Lighting is implemented with conventional deferred shading. It’s based on the same G-buffer format as the Unreal 4 engine. This allows applications to use both Nanite and the previous Unreal 4 pipeline on a per instance basis, with the two pipelines merging at the G-Buffer. Applications can easily migrate from Unreal 4 to Unreal 5 and incrementally enable Nanite for objects that will benefit from it. It also has the effect of decoupling Nanite from the lighting system which doesn’t know or care how the G-Buffer was produced.

Temporal Anti-aliasing

You may be wondering if there are “popping” artefacts due to the huge number of triangle clusters being rendered, with continual changes in LOD level as the camera moves through the scene. Nanite takes great care to ensure LOD errors are less than one pixel, which means the difference when switching between LOD levels is barely perceptible. On top of that, Unreal uses temporal anti-aliasing to blend subpixel differences over time.

Virtual Shadow Maps

Tiled Material Depth Buffer
×
Tiled Material Depth Buffer

Nanite enables the use of incredibly detailed, complex geometry. That means that the lighting system needs to support high resolution shadow maps to capture enough detail for accurate shadows. Unreal 5 supports virtual shadow mipmaps with up to 16k x 16k resolution. The shadow maps are virtualized and sparse. Each map is divided into pages of 128 x 128 texels, with the highest level mipmap containing 128 x 128 pages.

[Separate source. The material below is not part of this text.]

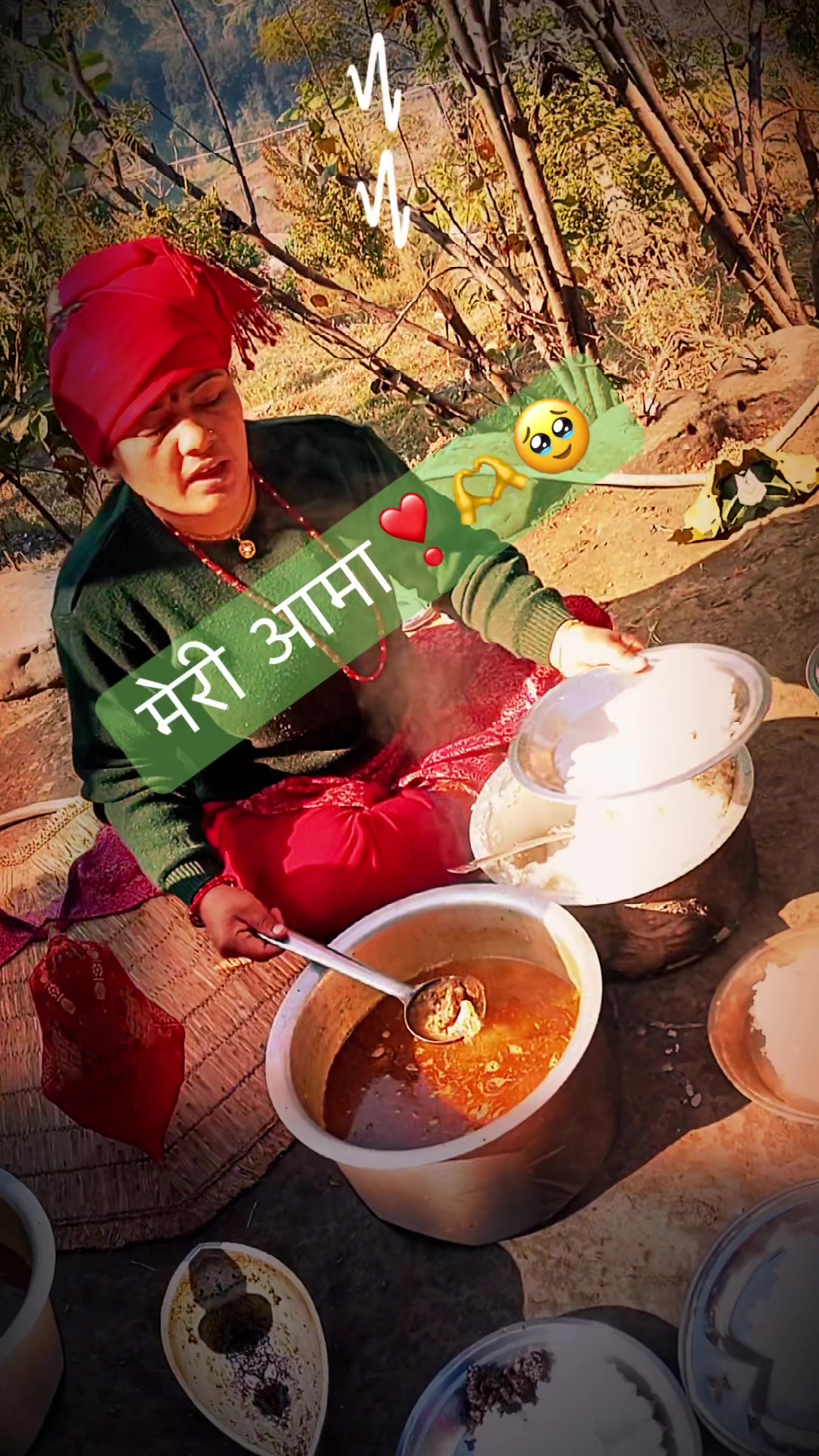 @Santosh Gorkhali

Pages are allocated only where needed. Each frame, the G-Buffer is processed. The engine determines the lights affecting each pixel, projects the position into shadow map space, picks the mip level where 1 texel matches the size of 1 screen pixel and marks that page in that level as needed. Pages are cached so that the only regions of the shadow map that are updated each frame are those where objects are moving or where the change in camera position brings new areas into view.

Each light may need multiple shadow maps (1 for spot lights, 6 for point lights) and multiple mipmap levels rendered. Nanite is a deep pipeline with significant per render overhead. That overhead is tiny compared to the cost of rendering the primary view. However, it would soon add up if each shadow map level was rendered separately. Instead, the Nanite pipeline supports multi-view rendering. Nanite can render all shadow maps for every light to every required mipmap level at once. For extreme scenes, this gives a 100x speedup compared to rendering each shadow map level individually.

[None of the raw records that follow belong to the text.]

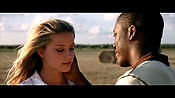 alltheboyslovemandylane09326.jpg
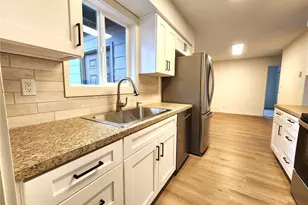 103 Kraft Rd, Longview, WA 98632 - Photo 8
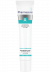 Pharmaceris- hyaluro-sensilium Cream With Hyaluronic Acid - 40 Ml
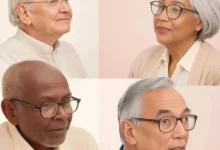 Психологическая помощь онлайн: от тренда к необходимости Психологическая помощь онлайн: от тренда к необходимости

When rendering shadow maps, Nanite performs an additional culling test. As well as testing bounding rectangles against the HZB, it also tests them against the shadow map needed pages mask. If an instance or cluster doesn’t overlap a needed page, it can be culled.

The combination of virtual shadow maps with Nanite’s rendering pipeline means that shadow cost scales roughly with screen resolution rather than scene complexity. Shadow map pages are needed where 1 texel maps to 1 pixel in the primary view. That means the number of pages and texels is proportional to screen pixels. The Nanite pipeline tries to ensure that the number of triangles rasterized to the shadow map is proportional to the number of shadow texels.

Conclusion

Nanite is hugely impressive technology. It’s going to be fascinating to see how well Nanite works with Navisworks style scenes which have huge numbers of (by Nanite standards) very simple instances.